The starting point for this examination is understanding the distinction between production costs and post-production costs.
It is well established that the gas driller bears all of the expenses of production. These expenses include such activities as seismic testing, drilling, hydraulic fracturing and well completion. The gas driller is therefore solely responsible for the cost of getting the gas to the surface, as in Kilmer v. Elexco Land Services, 990 A.2d 1147 (Pa. 2010), where the court held “the expenses of production relate to the costs of drilling the well and getting the product to the surface,” and Parker v. TXO Production, 716 S.W.2d 644 (Tex App. – Corpus Christi 1986), where the court held that “production costs are the expenses incurred in exploring for mineral substances and bringing them to the surface.” The royalty owner does not bear any of these costs.
Post-production costs, on the other hand, are those processing costs incurred between the well-head and the downstream point of sale. These expenses typically include the cost to dehydrate, separate, compress and transport the raw gas. For many years, these costs were not incurred by gas drillers, as they typically sold their gas to pipeline companies at the well-head. The pipeline companies then processed and transported the gas as per federal regulations. Since the point of sale was essentially at the well-head, calculating the value of the royalty was relatively straightforward and without controversy. This all changed in 1992.
On April 8, 1992, the Federal Energy Regulation Commission issued Order No. 636, which directed the pipeline companies to “unbundle” transportation services from their own gas sales operations and, in effect, “provide common-carriage services” to gas drillers. As a result of this deregulation, gas drillers, not the pipeline companies, now performed the processing, dehydrating and compression services. Moreover, the point of sale, which was formerly at the well-head, moved downstream to the interstate pipeline connection or some other delivery point. This had a profound effect on the manner in which production royalties were calculated.
The typical royalty clause provided that the landowner was entitled to a royalty based on the value of the gas “at the well” or “at the well-head.” This language became problematic because it presumed that the gas was still sold at the well-head. This was no longer true after deregulation — the point of sale was rarely at the well-head and was now further downstream and burdened with additional processing costs. As a result, gas drillers began utilizing two appraisal methods to calculate the value of the gas at the well-head: (1) the comparable sales method or (2) the workback or netback method.
Under the comparable sales method, the value of the gas at the well-head is calculated by averaging the prices that the driller and other producers have received in the same production field for gas of comparable quality and quantity.
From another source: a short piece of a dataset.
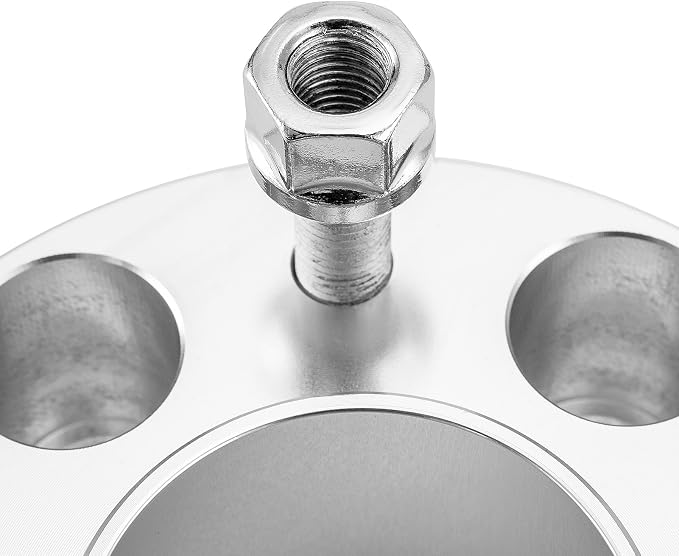 WeiSen 5x114mm 2" Wheel Spacers Compatible with Polaris RZR Turbo/PRO R/Ranger XD/XPEDITION 2022-2025, 4PCS Wheel Adapters with M12x1.5 Stud & 60mmmm Bore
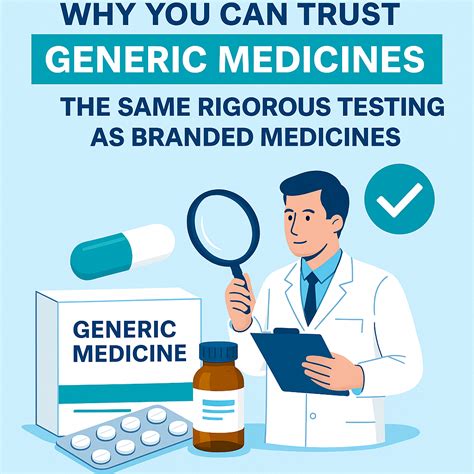 Are Generic Medicines Safe? How They Are Tested & Why You Should Trust ...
Evidence of comparable sales, however, is often difficult to ascertain, so the workback or netback method developed as the preferred alternative. Under this method, the value of the gas at the well-head is calculated by taking the downstream point of sale and subtracting the processing costs incurred between the well-head and the point of sale, as in Atlantic Richfield v. State, 262 Cal. Rptr. 683, 688 (Cal. Ctr. App. 1989), in which the court held that the royalty is calculated “by working back from the price of the point of sale, deducting the cost of processing and transportation from the well-head,” and Kilmer, which held that “we must work backward from the value-added price received at the point of sale by deducting the companies’ cost of turning gas into a marketable commodity.” Thus, when there is no actual market for gas at the well-head or when there is insufficient evidence of comparable sales, the netback method allows a driller to calculate the value of the gas at the well-head by subtracting the intervening process costs. Both methods assume that the royalty valuation point is at the well-head, even though the actual point of sale is further downstream.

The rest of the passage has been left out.